Mfmst, yes I am happy that BF will have a little down time between jobs. Also as much as I think Javelin is ready to be loose in the house at this point another week or two can't hurt. Since BF will probably spend a fair amount of his time off working on some projects in his workshop in the basement and Jav doesn't go down there yet, BF can listen for sounds of mischief and cut them off before things get too crazy.


----------



## Caddy (Nov 23, 2014)

That's so nice BF will be home for a couple of weeks but I must say I was slightly disappointed. I was looking forward to reading how Jav did yesterday when I logged in this morning.


----------



## MiniPoo (Mar 6, 2014)

I think Jav would have done fine, but it is always good to have a little more time to widen the unsupervised time of a loose puppy in the house. Your BF working in basement is a good way to do that.
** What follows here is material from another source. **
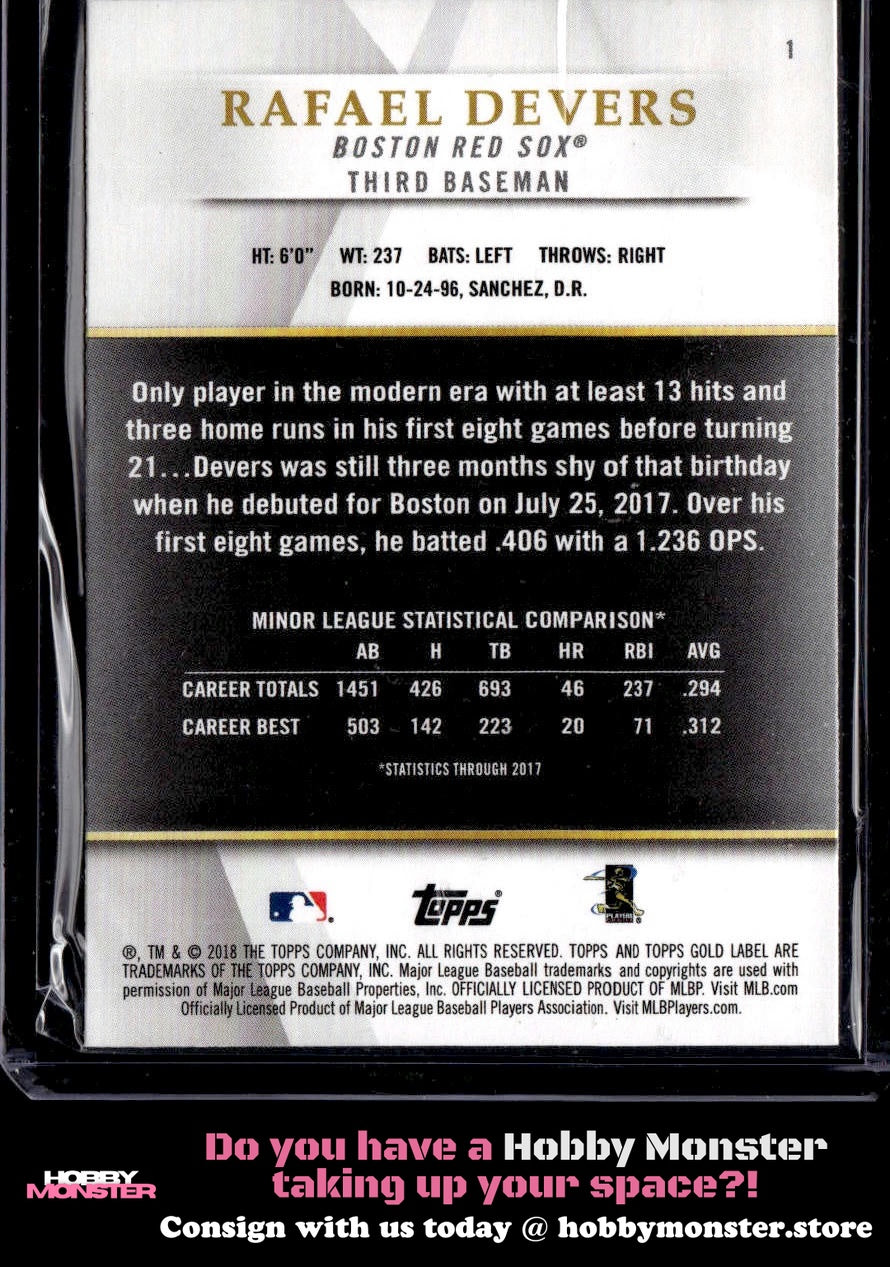 2018 Topps Gold Label Rafael Devers Class 2 Rookie Boston Red Sox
With me, I would leave Dakota free with the olders dogs when I went outside to do some yardwork. I would come and go out the door so Dakota got used to the fact if I left, I would be returning.


----------



## mashaphan (Sep 4, 2014)

I would do anything that face wanted me to do!:adore:

Martha et al


----------



## JudyD (Feb 3, 2013)

Undoubtedly Lily and Peeves will be such good role models that Jav won't even think of mischief. At our house, Jazzie has been uncrated since she was about nine months old. Blue, on the other hand, at 22 months old, may never earn that privilege. He's undependable, and Jazzie is easily led astray, when socks and tissues are involved.


----------



## lily cd re (Jul 23, 2012)

For real today! BF's new boss called late last week to ask when he could start and he decided to go today. We are having a late start for classes following the blizzard. I will be leaving soon. He first test will be from about 11:30 to 7:30. Wish him luck.


----------



## mashaphan (Sep 4, 2014)

I am sure he will be finr! You will know in just a couple of hours!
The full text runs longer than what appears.